Latinx Environmentalisms: Place, Justice, and the Decolonial

Current price: $39.95
Publication Date: November 1st, 2019
Publisher:
Temple University Press
ISBN:
9781439916674
Pages:
366
Usually Ships in 1 to 10 Days

Description

The whiteness of mainstream environmentalism often fails to account for the richness and variety of Latinx environmental thought. Building on insights of environmental justice scholarship as well as critical race and ethnic studies, the editors and contributors to Latinx Environmentalisms map the ways Latinx cultural texts integrate environmental concerns with questions of social and political justice. 

Original interviews with creative writers, including Cherríe Moraga, Helena María Viramontes, and Héctor Tobar, as well as new essays by noted scholars of Latinx literature and culture, show how Latinx authors and cultural producers express environmental concerns in their work.
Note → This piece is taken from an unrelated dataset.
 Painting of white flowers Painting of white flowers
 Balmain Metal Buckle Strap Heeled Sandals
These chapters, which focus on film, visual art, and literature—and engage in fields such as disability studies, animal studies, and queer studies—emphasize the role of racial capitalism in shaping human relationships to the more-than-human world and reveal a vibrant tradition of Latinx decolonial environmentalism.
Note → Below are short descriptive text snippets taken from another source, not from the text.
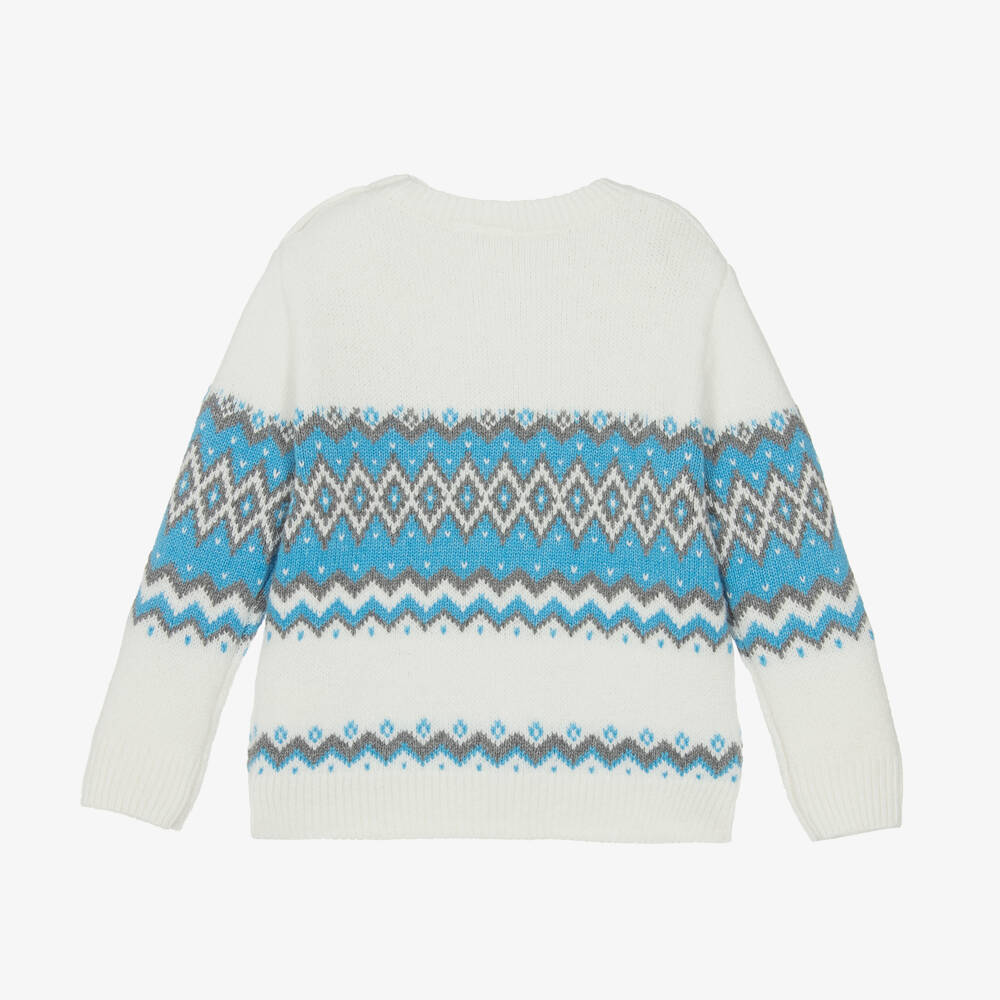 iDO Baby-Boys Cream & Azure Knit Sweater | Childrensalon Outlet
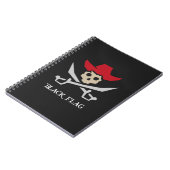 Black Flag Pirate Skull ノートブック (左側)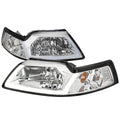 1999-2004 Ford Mustang New Edge LED Bar Factory Style Headlights with Amber Reflector (Chrome Housing / Clear Lens)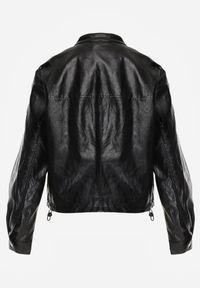 Born2be - Czarna Kurtka Ramoneska Bomberka Ściągana po Bokach Salanthe. Okazja: na co dzień. Kolor: czarny. Materiał: poliester, jeans. Styl: casual #2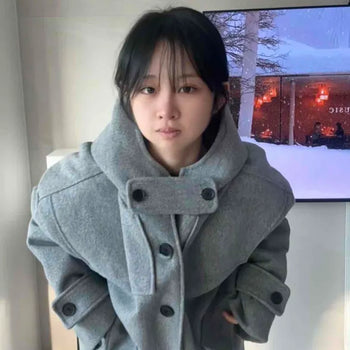 Wide Cowl Neck Fleece Knit Balloon Fit Long Coat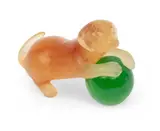 Pate-De-Verre Animal Sculpture, 'Chiot Et Ballon (Puppy And Balloon)' by Daum, sold Feb 2025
Latinx Environmentalisms accounts for the ways Latinx cultures are environmental, but often do not assume the mantle of “environmentalism.”

About the Author

Sarah D. Wald is an Associate Professor of Environmental Studies and English at University of Oregon and author of The Nature of California: Race, Citizenship, and Farming since the Dust Bowl.   David J. Vázquez is an Associate Professor of English at the University of Oregon and author of Triangulations: Narrative Strategies for Navigating Latino Identity.  Priscilla Solis Ybarra is an Associate Professor in the Department of English at the University of North Texas and author of Writing the Goodlife: Mexican American Literature and the Environment.  Sarah Jaquette Ray is an Associate Professor and Program Leader of Environmental Studies at Humboldt State University and author of The Ecological Other: Environmental Exclusion in American Culture.